Normalized probability curves of allowable (a) dips and (b) strikes of the plane from the Monte Carlo model. (c) A scatter plot of the RMS misfit as a function of strike and dip reveals a minimum extended in strike at low dip angles. Note that the Monte Carlo model allows variations in the location of the plane as well as its orientation, resulting in the observed scatter in RMS misfit at a given strike and dip.

The landscape evolution model produced a ridge with a length of ~20 km and vertical relief of ~2 km, protruding from an eroded fault scarp (Figure 6). The ridge and scarp superficially resemble the Melas ridge and the south wall of Melas chasma, respectively. The best-fit plane for this ridge has a strike of 0.5° and dip of 29.9°, in close agreement with the true strike and dip of 0.0° and 30.0°, respectively. The results of this test supports the assumption that the crest of a ridge that formed as a result of diffusive and advective erosion of a resistant fault plane closely follows that plane, and can be used to reconstruct the strike and dip of the associated fault.

Figure 6.

Figure 6.

(a) Topographic contour map of the synthetic ridge created by the landscape evolution model of an erosion resistant plane being exposed by a retreating tectonic scarp. (b) Profile along the crest of the synthetic ridge along with the elevation of the best-fit plane at the horizontal location of the ridge crest.
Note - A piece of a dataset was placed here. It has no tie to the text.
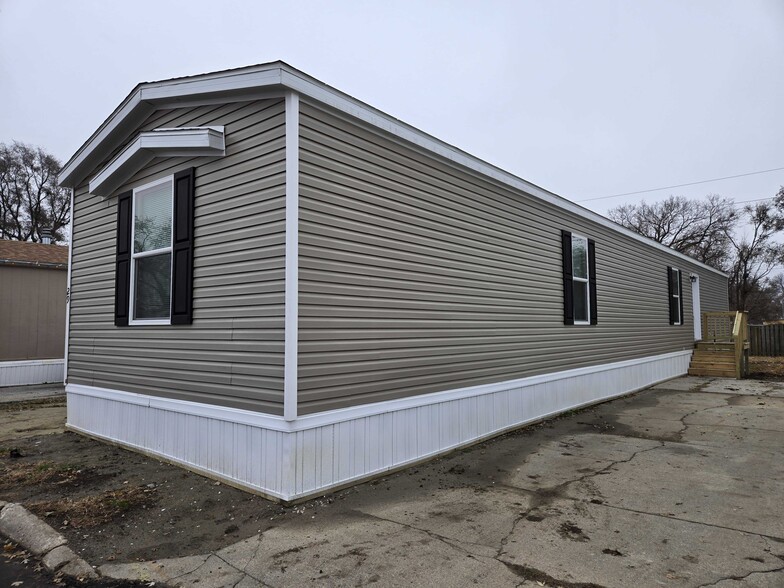 Building Photo - 3510 N 9th St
5. Conclusions and discussion

The goal of this work is to use the Melas ridge as a direct observational constraint on the thrust fault geometry related to one of the Melas Dorsa wrinkle ridges. Our interpretation, that the Melas Ridge is the expression of an erosion resistant fault plane, is well supported by agreement between the results of the three methods of investigation, as well as the three qualitative indicators of the fault dip direction. The close agreement between the cross product method (treating the wrinkle ridge and Melas ridge as simple vectors along a plane) and least squares methods (fitting only the points along the Melas ridge for the best-fit plane) supports our interpretations that the two features are related and that the Melas ridge crest preserves the thrust fault geometry. The relationship between the two structures is further supported by the agreement between our derived dip angle and the results of mechanical modeling studies of nearby wrinkle ridges (see discussion below), and is also supported by the agreement of the dip direction to the west determined from qualitative observations of the wrinkle ridge profile and its relationship to the Melas ridge and the dip direction from the quantitative analyses. The agreement of all these separate lines of evidence strongly support the interpretation that the Melas ridge is an exhumed wrinkle ridge fault plane that has been strengthened by an unknown mechanism (possibly dike intrusion) and exhumed during the erosional enlargement of Melas Chasma. The relatively low RMS misfits from the least-squares and Monte Carlo analyses support our assumption that the fault surface is adequately approximated by a plane and implies that there is minimal listric character down to 3.5 km beneath the plateau surface. This is further supported by the best-fit fault dips for subsections of the Melas ridge, which despite larger uncertainties from the shorter segments, show no systematic trend of dip with depth. The strikes derived from each method are in agreement with the measured strike of the wrinkle ridge of N16.9°E.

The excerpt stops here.